===== MATERIAL PROVIDED
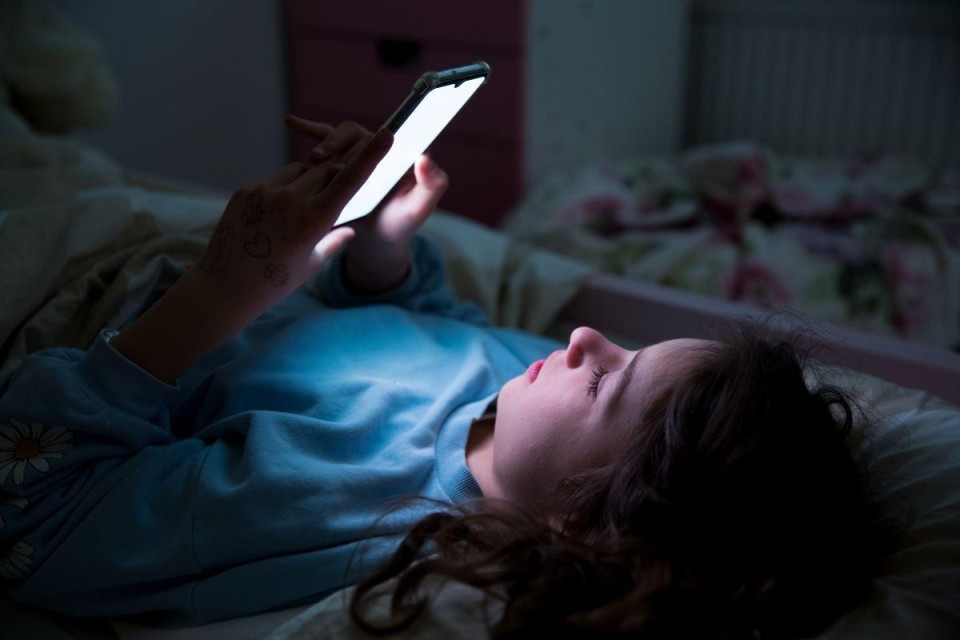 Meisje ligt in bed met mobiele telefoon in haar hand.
==========
===== MATERIAL PROVIDED
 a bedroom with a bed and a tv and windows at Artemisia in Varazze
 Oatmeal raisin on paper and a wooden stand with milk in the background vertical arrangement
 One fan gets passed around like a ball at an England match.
==========
### [INSTRUCTIONS FOR THE TASK]
In the data above, retype exactly and only the lines between the one holding "Oatmeal raisin on" and the one holding "One fan gets", inclusive.

### [ANSWER FOR THE TASK]
 Oatmeal raisin on paper and a wooden stand with milk in the background vertical arrangement
 One fan gets passed around like a ball at an England match.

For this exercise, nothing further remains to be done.